Amazon Web Services (AWS) has launched a carbon footprint tool for AWS Cloud users to calculate their organisation’s estimated current and forecasted carbon emissions.
Available through the AWS Billing Console at no cost, the tool shows scope 1 and 2 carbon emissions in summary, geographic and per-service form.
The first scope, as defined by the Greenhouse Gas Protocol (GHG) – a widely used greenhouse gas accounting standard — is classified as direct greenhouse emissions from sources controlled or owned by an organisation.
Meanwhile, the second is indirect emissions related to the purchase of electricity, steam, heat and cooling, as outlined by the United States Environmental Protection Agency. The tool’s release comes from a desire of AWS customers inquiring about their approach to emissions, according to Jeff Barr, chief evangelist at AWS.
“After I share information about our efforts to decarbonise with our customers, they tell me that their organisation is on a similar path, and that they need to know more about the carbon footprint of their cloud infrastructure,” he said in a blog post.
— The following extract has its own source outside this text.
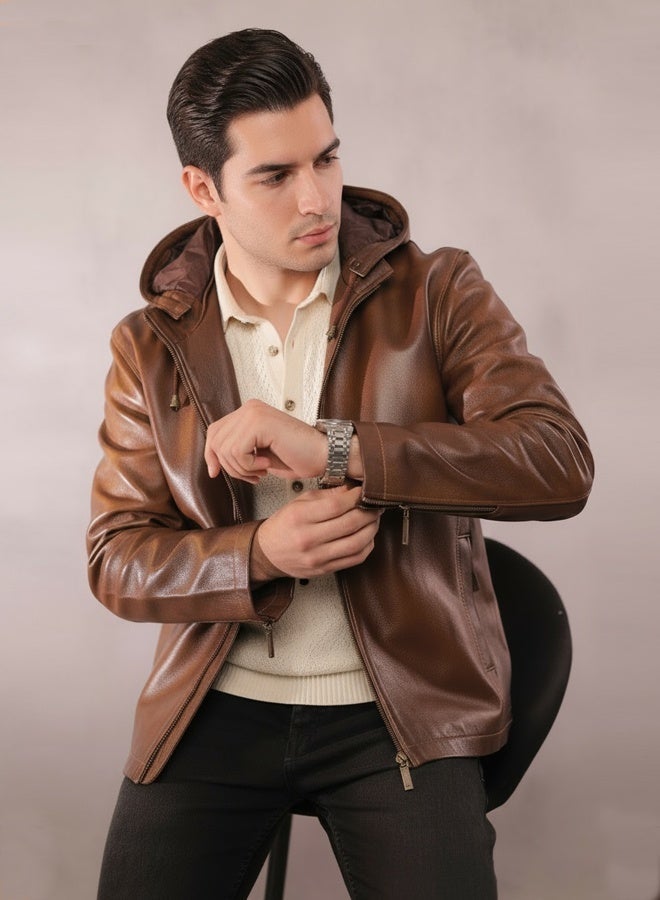 أتش بي أس جاكيت جلد طبيعي 100% للرجال بغطاء رأس منفصل وجيوب داخلية وسحاب معدني فاخر - Image 2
Meanwhile, Ken Haig, head of energy policy for Asia Pacific and Japan (APJ) at AWS, said the tool was developed and tested alongside feedback from AWS customers.
“We are pleased to announce the launch of the AWS customer carbon footprint tool, providing AWS customers with an estimate of their carbon emissions from their use of all AWS products as well as the emissions reductions realised by moving to AWS,” he said.
“This tool will help our customers report, track and evaluate their carbon emissions to monitor progress toward their future carbon reduction goals.”
The introduction of this tool from the cloud giant follows its goal of powering its operations with 100 per cent renewable energy by 2025, a target it claims it is five years ahead of its previous schedule.
Additionally, In 2019, AWS parent Amazon, together with Global Optimism, co-founded The Climate Pledge, a commitment to be net zero carbon by 2040.
Signatories to The Climate Pledge, which now number 217, agree to measure and report greenhouse gas emissions on a regular basis and implement decarbonisation strategies in line with the Paris Agreement through business changes and innovations.
However, the move towards emission reductions is more likely to be rooted in desires from the investment community, with Gartner research vice president Neil McMurchy claiming to ARN in October 2021 that while customer demand for these initiatives is “probably non-existent”, the situation is likely to change.
“Any publicly traded vendor is well advanced in terms of their ESG [environmental, social and governance policy],” he said at the time. “From a capital market perspective, investors...are putting a value on compliance.
“The large vendors and smaller vendors too...whether it’s altruistic or if it’s the case that they don’t want to be a standout, those suppliers are going to do it.
“Eventually it will work through the procurement processes of end customers. Even now, there will be some procurement departments increasing their compliance focus on ESG.”